Imagine por um momento o medo de frequentar uma igreja sabendo que ela poderia ser atacada, ou a angústia de ter que abandonar tudo o que você conhece para manter sua crença. Essa vulnerabilidade extrema é o que muitos cristãos em áreas de Oromia vivem hoje. Como nos lembra o apóstolo Pedro: "Não se surpreendam com o fogo da provação que estão suportando, como se algo estranho lhes estivesse acontecendo" (1 Pedro 4:12, NVI), mas ele também nos chama a acompanhar aqueles que o padecem.
Uma Crise Humanitária que se Aprofunda
A violência gerou uma crise humanitária de graves proporções. Além da perda de vidas, há relatos de queima de moradias, saque de propriedades e deslocamentos forçados que deixam milhares em situação de extrema necessidade. Crianças, idosos e mulheres grávidas são particularmente afetados, enfrentando escassez de alimentos, abrigo e atendimento médico. Em meio a esse caos, as igrejas locais muitas vezes se tornam refúgio e centro de ajuda, mesmo quando elas próprias são alvo dos ataques.

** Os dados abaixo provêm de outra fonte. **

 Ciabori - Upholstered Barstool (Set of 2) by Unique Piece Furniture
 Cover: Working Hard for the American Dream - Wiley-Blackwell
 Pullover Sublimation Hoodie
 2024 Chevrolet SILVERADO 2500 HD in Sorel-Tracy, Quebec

Essa realidade nos interpela diretamente. Como podemos, a partir de nossa posição, ser resposta à exortação de Gálatas 6:2 (NVI): "Levem os fardos pesados uns dos outros e, assim, cumpram a lei de Cristo"? A solidariedade transcende fronteiras e começa com a consciência e a oração.
A Resposta da Igreja: Fé, Voz e Ação
Diante dessa escalada de violência, os líderes cristãos na Etiópia não se calaram. Bispos e pastores denunciaram com coragem o que chamaram de "brutalidade recorrente", exigindo investigações sérias, justiça para as vítimas e proteção efetiva para as comunidades vulneráveis. Sua voz é um chamado profético à consciência nacional e internacional.
"Bem-aventurados os que são perseguidos por causa da justiça, pois deles é o Reino dos céus" (Mateus 5:10, NVI).
Este versículo, parte do Sermão da Montanha, ressoa com força no contexto etíope. Não glorifica o sofrimento, mas reconhece a dignidade e a promessa divina para aqueles que são perseguidos por sua fé ou por defender a justiça. A resposta eclesial combina essa esperança escatológica com uma demanda muito terrena de paz e segurança.
A comunidade católica, juntamente com outras confissões cristãs, tem se mobilizado para fornecer assistência humanitária e advogar pela paz. Seu testemunho é uma prova de uma fé que age, uma esperança que persevera e um amor que atravessa divisões. Como cristãos globais, somos convidados a nos unir a essa resposta—não apenas em oração, mas apoiando esforços que tragam alívio e defendam a causa dos perseguidos.
Lembremo-nos de que nossa unidade em Cristo não conhece fronteiras. A dor de nossos irmãos e irmãs na Etiópia é nossa dor. A esperança deles é nossa esperança. Que nossas orações subam como incenso diante de Deus, e que nossas ações reflitam a compaixão daquele que veio para curar os quebrantados de coração e libertar os cativos.